▶ **TASK OBJECTIVE**
Retype the records exactly, including every line.
——
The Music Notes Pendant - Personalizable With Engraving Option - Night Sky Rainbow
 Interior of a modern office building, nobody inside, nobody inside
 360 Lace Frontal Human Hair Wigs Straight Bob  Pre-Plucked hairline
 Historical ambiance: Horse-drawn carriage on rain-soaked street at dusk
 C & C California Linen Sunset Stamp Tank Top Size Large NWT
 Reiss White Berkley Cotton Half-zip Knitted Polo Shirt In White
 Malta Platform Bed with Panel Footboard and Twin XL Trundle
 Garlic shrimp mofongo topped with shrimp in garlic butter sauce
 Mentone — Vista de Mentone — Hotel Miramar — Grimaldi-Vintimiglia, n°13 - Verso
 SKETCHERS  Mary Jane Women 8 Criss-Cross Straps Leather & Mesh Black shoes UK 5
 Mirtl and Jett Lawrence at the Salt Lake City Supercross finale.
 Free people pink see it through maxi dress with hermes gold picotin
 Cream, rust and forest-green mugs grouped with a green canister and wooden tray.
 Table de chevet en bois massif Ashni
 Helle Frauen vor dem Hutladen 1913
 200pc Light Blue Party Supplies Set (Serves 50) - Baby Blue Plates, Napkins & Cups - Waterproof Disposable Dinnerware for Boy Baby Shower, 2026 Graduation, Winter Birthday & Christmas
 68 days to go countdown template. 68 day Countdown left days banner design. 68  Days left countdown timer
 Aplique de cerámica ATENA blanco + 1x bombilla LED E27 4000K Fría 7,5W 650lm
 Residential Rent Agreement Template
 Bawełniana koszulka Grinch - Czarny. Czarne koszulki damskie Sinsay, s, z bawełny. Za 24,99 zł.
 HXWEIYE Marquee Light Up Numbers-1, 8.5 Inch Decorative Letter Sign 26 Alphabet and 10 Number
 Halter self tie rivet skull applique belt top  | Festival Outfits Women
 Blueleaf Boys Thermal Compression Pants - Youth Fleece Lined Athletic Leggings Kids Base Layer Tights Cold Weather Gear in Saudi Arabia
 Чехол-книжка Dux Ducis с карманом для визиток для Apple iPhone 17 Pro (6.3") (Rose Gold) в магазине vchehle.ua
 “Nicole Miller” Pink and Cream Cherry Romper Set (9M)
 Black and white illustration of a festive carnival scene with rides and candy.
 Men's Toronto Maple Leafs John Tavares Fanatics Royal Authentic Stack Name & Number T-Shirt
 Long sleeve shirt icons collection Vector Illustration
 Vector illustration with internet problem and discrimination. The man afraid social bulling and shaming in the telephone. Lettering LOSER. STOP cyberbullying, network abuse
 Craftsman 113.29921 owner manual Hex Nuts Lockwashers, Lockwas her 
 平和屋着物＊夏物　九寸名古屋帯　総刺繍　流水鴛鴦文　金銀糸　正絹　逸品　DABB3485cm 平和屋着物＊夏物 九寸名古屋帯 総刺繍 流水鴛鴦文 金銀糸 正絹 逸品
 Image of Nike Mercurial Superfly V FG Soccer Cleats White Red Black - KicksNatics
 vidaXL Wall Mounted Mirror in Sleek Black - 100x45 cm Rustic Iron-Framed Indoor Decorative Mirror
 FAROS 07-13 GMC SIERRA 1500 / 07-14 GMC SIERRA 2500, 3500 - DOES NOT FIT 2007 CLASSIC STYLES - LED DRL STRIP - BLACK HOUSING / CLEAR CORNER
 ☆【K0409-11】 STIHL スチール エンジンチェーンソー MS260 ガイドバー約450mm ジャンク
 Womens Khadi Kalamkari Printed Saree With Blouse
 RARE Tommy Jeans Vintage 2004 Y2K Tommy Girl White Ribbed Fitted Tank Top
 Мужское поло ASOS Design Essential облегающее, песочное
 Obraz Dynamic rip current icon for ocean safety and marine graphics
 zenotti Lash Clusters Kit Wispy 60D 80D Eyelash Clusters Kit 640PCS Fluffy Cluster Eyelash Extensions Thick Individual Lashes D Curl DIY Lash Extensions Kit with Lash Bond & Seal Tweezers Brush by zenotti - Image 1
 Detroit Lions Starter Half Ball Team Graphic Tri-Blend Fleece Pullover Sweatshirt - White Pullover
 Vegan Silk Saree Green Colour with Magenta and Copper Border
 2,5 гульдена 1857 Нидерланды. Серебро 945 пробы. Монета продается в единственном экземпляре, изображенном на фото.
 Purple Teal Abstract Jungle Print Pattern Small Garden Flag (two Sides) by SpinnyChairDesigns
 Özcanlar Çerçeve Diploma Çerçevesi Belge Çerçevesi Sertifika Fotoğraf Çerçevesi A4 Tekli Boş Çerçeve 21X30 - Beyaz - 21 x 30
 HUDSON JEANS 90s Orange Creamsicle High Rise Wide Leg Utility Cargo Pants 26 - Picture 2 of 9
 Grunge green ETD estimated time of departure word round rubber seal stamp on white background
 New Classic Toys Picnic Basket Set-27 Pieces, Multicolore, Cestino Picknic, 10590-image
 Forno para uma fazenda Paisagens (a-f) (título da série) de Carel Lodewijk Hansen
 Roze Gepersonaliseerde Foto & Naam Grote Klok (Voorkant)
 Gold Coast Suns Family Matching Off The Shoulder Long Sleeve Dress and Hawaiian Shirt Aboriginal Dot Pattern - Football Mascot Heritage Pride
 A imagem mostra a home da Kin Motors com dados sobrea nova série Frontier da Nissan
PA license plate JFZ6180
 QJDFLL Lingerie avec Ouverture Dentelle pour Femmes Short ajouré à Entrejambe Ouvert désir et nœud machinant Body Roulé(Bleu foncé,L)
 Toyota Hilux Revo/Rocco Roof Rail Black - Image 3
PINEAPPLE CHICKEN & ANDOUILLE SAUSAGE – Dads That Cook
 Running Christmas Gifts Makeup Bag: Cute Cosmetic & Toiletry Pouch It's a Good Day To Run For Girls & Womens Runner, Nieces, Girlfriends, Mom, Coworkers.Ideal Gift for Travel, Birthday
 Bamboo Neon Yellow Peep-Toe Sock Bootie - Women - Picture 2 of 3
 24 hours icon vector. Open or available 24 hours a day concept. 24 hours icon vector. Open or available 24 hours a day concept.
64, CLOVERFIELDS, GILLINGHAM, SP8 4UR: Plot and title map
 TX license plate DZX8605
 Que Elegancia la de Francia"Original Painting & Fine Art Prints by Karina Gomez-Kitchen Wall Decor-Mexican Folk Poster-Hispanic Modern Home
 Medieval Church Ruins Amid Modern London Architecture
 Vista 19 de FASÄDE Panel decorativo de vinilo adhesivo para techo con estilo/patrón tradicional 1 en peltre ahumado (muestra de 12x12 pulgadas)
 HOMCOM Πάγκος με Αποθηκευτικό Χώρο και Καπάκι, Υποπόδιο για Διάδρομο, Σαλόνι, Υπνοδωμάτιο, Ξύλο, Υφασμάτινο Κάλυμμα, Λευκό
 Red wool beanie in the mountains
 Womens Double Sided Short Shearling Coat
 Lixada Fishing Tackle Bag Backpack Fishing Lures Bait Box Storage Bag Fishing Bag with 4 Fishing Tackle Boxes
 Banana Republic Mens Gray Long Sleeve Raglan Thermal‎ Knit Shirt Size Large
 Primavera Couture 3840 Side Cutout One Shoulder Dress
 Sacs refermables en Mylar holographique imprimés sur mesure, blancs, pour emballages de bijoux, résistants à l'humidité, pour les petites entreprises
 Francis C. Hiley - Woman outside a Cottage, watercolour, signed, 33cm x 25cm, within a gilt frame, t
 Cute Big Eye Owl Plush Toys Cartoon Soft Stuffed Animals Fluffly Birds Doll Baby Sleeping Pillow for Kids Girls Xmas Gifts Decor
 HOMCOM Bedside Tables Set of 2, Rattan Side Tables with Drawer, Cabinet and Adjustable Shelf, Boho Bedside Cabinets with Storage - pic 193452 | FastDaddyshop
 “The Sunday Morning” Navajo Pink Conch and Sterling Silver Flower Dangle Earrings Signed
——
▶ **SOLVED EXERCISE**
The Music Notes Pendant - Personalizable With Engraving Option - Night Sky Rainbow
 Interior of a modern office building, nobody inside, nobody inside
 360 Lace Frontal Human Hair Wigs Straight Bob  Pre-Plucked hairline
 Historical ambiance: Horse-drawn carriage on rain-soaked street at dusk
 C & C California Linen Sunset Stamp Tank Top Size Large NWT
 Reiss White Berkley Cotton Half-zip Knitted Polo Shirt In White
 Malta Platform Bed with Panel Footboard and Twin XL Trundle
 Garlic shrimp mofongo topped with shrimp in garlic butter sauce
 Mentone — Vista de Mentone — Hotel Miramar — Grimaldi-Vintimiglia, n°13 - Verso
 SKETCHERS  Mary Jane Women 8 Criss-Cross Straps Leather & Mesh Black shoes UK 5
 Mirtl and Jett Lawrence at the Salt Lake City Supercross finale.
 Free people pink see it through maxi dress with hermes gold picotin
 Cream, rust and forest-green mugs grouped with a green canister and wooden tray.
 Table de chevet en bois massif Ashni
 Helle Frauen vor dem Hutladen 1913
 200pc Light Blue Party Supplies Set (Serves 50) - Baby Blue Plates, Napkins & Cups - Waterproof Disposable Dinnerware for Boy Baby Shower, 2026 Graduation, Winter Birthday & Christmas
 68 days to go countdown template. 68 day Countdown left days banner design. 68  Days left countdown timer
 Aplique de cerámica ATENA blanco + 1x bombilla LED E27 4000K Fría 7,5W 650lm
 Residential Rent Agreement Template
 Bawełniana koszulka Grinch - Czarny. Czarne koszulki damskie Sinsay, s, z bawełny. Za 24,99 zł.
 HXWEIYE Marquee Light Up Numbers-1, 8.5 Inch Decorative Letter Sign 26 Alphabet and 10 Number
 Halter self tie rivet skull applique belt top  | Festival Outfits Women
 Blueleaf Boys Thermal Compression Pants - Youth Fleece Lined Athletic Leggings Kids Base Layer Tights Cold Weather Gear in Saudi Arabia
 Чехол-книжка Dux Ducis с карманом для визиток для Apple iPhone 17 Pro (6.3") (Rose Gold) в магазине vchehle.ua
 “Nicole Miller” Pink and Cream Cherry Romper Set (9M)
 Black and white illustration of a festive carnival scene with rides and candy.
 Men's Toronto Maple Leafs John Tavares Fanatics Royal Authentic Stack Name & Number T-Shirt
 Long sleeve shirt icons collection Vector Illustration
 Vector illustration with internet problem and discrimination. The man afraid social bulling and shaming in the telephone. Lettering LOSER. STOP cyberbullying, network abuse
 Craftsman 113.29921 owner manual Hex Nuts Lockwashers, Lockwas her 
 平和屋着物＊夏物　九寸名古屋帯　総刺繍　流水鴛鴦文　金銀糸　正絹　逸品　DABB3485cm 平和屋着物＊夏物 九寸名古屋帯 総刺繍 流水鴛鴦文 金銀糸 正絹 逸品
 Image of Nike Mercurial Superfly V FG Soccer Cleats White Red Black - KicksNatics
 vidaXL Wall Mounted Mirror in Sleek Black - 100x45 cm Rustic Iron-Framed Indoor Decorative Mirror
 FAROS 07-13 GMC SIERRA 1500 / 07-14 GMC SIERRA 2500, 3500 - DOES NOT FIT 2007 CLASSIC STYLES - LED DRL STRIP - BLACK HOUSING / CLEAR CORNER
 ☆【K0409-11】 STIHL スチール エンジンチェーンソー MS260 ガイドバー約450mm ジャンク
 Womens Khadi Kalamkari Printed Saree With Blouse
 RARE Tommy Jeans Vintage 2004 Y2K Tommy Girl White Ribbed Fitted Tank Top
 Мужское поло ASOS Design Essential облегающее, песочное
 Obraz Dynamic rip current icon for ocean safety and marine graphics
 zenotti Lash Clusters Kit Wispy 60D 80D Eyelash Clusters Kit 640PCS Fluffy Cluster Eyelash Extensions Thick Individual Lashes D Curl DIY Lash Extensions Kit with Lash Bond & Seal Tweezers Brush by zenotti - Image 1
 Detroit Lions Starter Half Ball Team Graphic Tri-Blend Fleece Pullover Sweatshirt - White Pullover
 Vegan Silk Saree Green Colour with Magenta and Copper Border
 2,5 гульдена 1857 Нидерланды. Серебро 945 пробы. Монета продается в единственном экземпляре, изображенном на фото.
 Purple Teal Abstract Jungle Print Pattern Small Garden Flag (two Sides) by SpinnyChairDesigns
 Özcanlar Çerçeve Diploma Çerçevesi Belge Çerçevesi Sertifika Fotoğraf Çerçevesi A4 Tekli Boş Çerçeve 21X30 - Beyaz - 21 x 30
 HUDSON JEANS 90s Orange Creamsicle High Rise Wide Leg Utility Cargo Pants 26 - Picture 2 of 9
 Grunge green ETD estimated time of departure word round rubber seal stamp on white background
 New Classic Toys Picnic Basket Set-27 Pieces, Multicolore, Cestino Picknic, 10590-image
 Forno para uma fazenda Paisagens (a-f) (título da série) de Carel Lodewijk Hansen
 Roze Gepersonaliseerde Foto & Naam Grote Klok (Voorkant)
 Gold Coast Suns Family Matching Off The Shoulder Long Sleeve Dress and Hawaiian Shirt Aboriginal Dot Pattern - Football Mascot Heritage Pride
 A imagem mostra a home da Kin Motors com dados sobrea nova série Frontier da Nissan
PA license plate JFZ6180
 QJDFLL Lingerie avec Ouverture Dentelle pour Femmes Short ajouré à Entrejambe Ouvert désir et nœud machinant Body Roulé(Bleu foncé,L)
 Toyota Hilux Revo/Rocco Roof Rail Black - Image 3
PINEAPPLE CHICKEN & ANDOUILLE SAUSAGE – Dads That Cook
 Running Christmas Gifts Makeup Bag: Cute Cosmetic & Toiletry Pouch It's a Good Day To Run For Girls & Womens Runner, Nieces, Girlfriends, Mom, Coworkers.Ideal Gift for Travel, Birthday
 Bamboo Neon Yellow Peep-Toe Sock Bootie - Women - Picture 2 of 3
 24 hours icon vector. Open or available 24 hours a day concept. 24 hours icon vector. Open or available 24 hours a day concept.
64, CLOVERFIELDS, GILLINGHAM, SP8 4UR: Plot and title map
 TX license plate DZX8605
 Que Elegancia la de Francia"Original Painting & Fine Art Prints by Karina Gomez-Kitchen Wall Decor-Mexican Folk Poster-Hispanic Modern Home
 Medieval Church Ruins Amid Modern London Architecture
 Vista 19 de FASÄDE Panel decorativo de vinilo adhesivo para techo con estilo/patrón tradicional 1 en peltre ahumado (muestra de 12x12 pulgadas)
 HOMCOM Πάγκος με Αποθηκευτικό Χώρο και Καπάκι, Υποπόδιο για Διάδρομο, Σαλόνι, Υπνοδωμάτιο, Ξύλο, Υφασμάτινο Κάλυμμα, Λευκό
 Red wool beanie in the mountains
 Womens Double Sided Short Shearling Coat
 Lixada Fishing Tackle Bag Backpack Fishing Lures Bait Box Storage Bag Fishing Bag with 4 Fishing Tackle Boxes
 Banana Republic Mens Gray Long Sleeve Raglan Thermal‎ Knit Shirt Size Large
 Primavera Couture 3840 Side Cutout One Shoulder Dress
 Sacs refermables en Mylar holographique imprimés sur mesure, blancs, pour emballages de bijoux, résistants à l'humidité, pour les petites entreprises
 Francis C. Hiley - Woman outside a Cottage, watercolour, signed, 33cm x 25cm, within a gilt frame, t
 Cute Big Eye Owl Plush Toys Cartoon Soft Stuffed Animals Fluffly Birds Doll Baby Sleeping Pillow for Kids Girls Xmas Gifts Decor
 HOMCOM Bedside Tables Set of 2, Rattan Side Tables with Drawer, Cabinet and Adjustable Shelf, Boho Bedside Cabinets with Storage - pic 193452 | FastDaddyshop
 “The Sunday Morning” Navajo Pink Conch and Sterling Silver Flower Dangle Earrings Signed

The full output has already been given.